Activity: In your copy, each line below is repeated exactly and no image appears.

Data block:
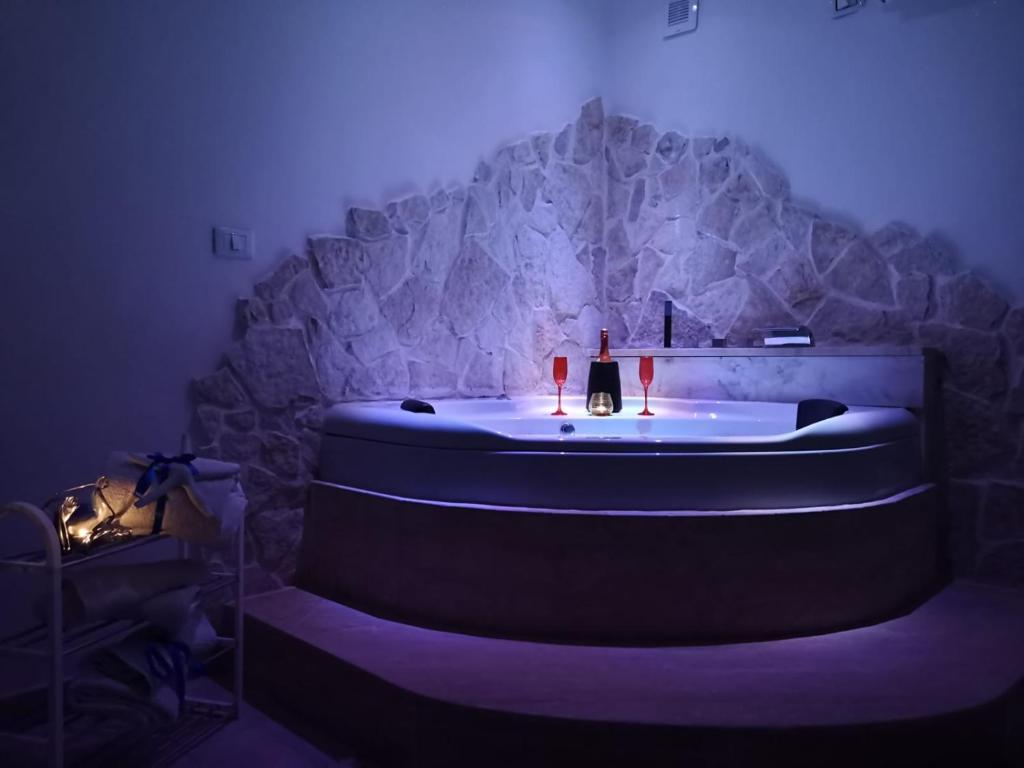 a bath tub in a room with a stone wall at Villa Rhaele in Taranto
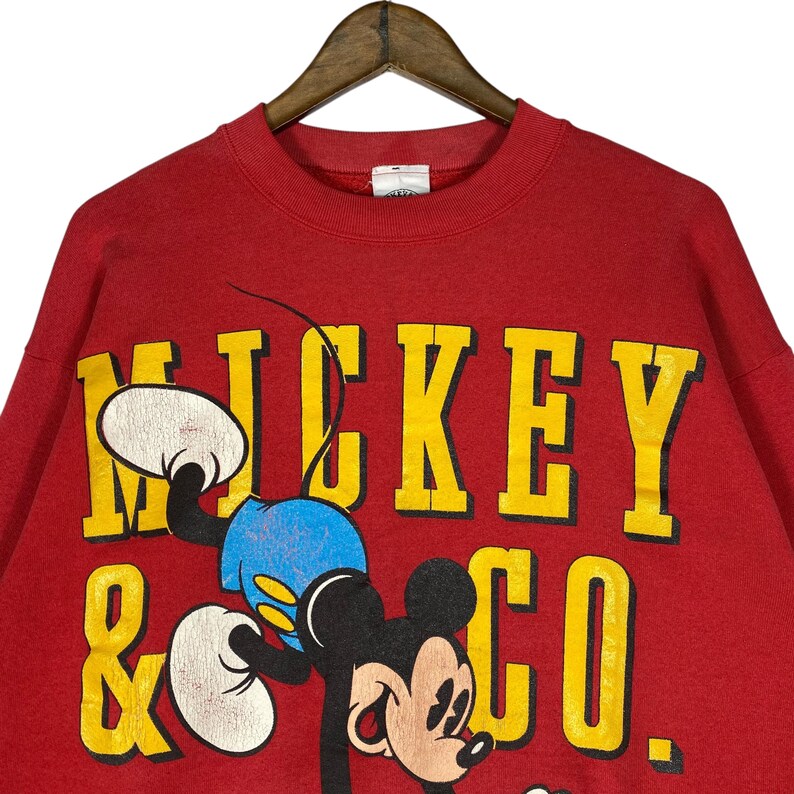 May include: Red sweatshirt featuring a large yellow graphic that reads "MICKEY & CO." with a cartoon image of Mickey Mouse. The sweatshirt has a crew neck and long sleeves. The graphic includes Mickey Mouse in blue shorts and white gloves.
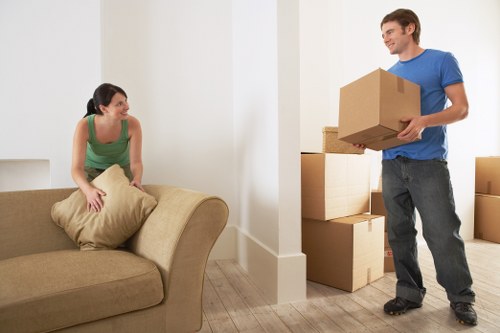 Packed office equipment ready for commercial moves in South Kensington
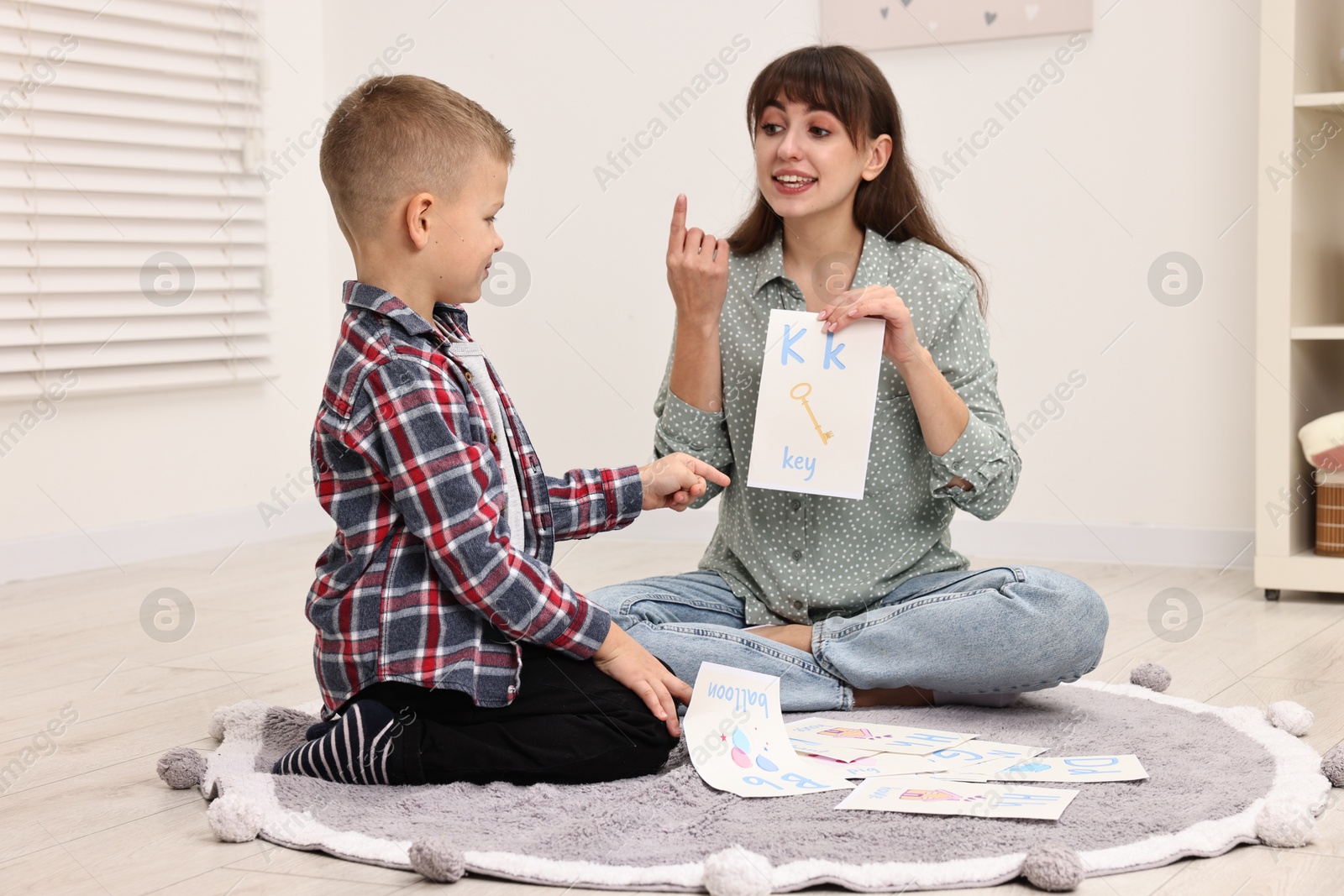 Photo of Smiling speech therapist working with little boy on floor in autism treatment center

Exercise output:
 a bath tub in a room with a stone wall at Villa Rhaele in Taranto
 May include: Red sweatshirt featuring a large yellow graphic that reads "MICKEY & CO." with a cartoon image of Mickey Mouse. The sweatshirt has a crew neck and long sleeves. The graphic includes Mickey Mouse in blue shorts and white gloves.
 Packed office equipment ready for commercial moves in South Kensington
 Photo of Smiling speech therapist working with little boy on floor in autism treatment center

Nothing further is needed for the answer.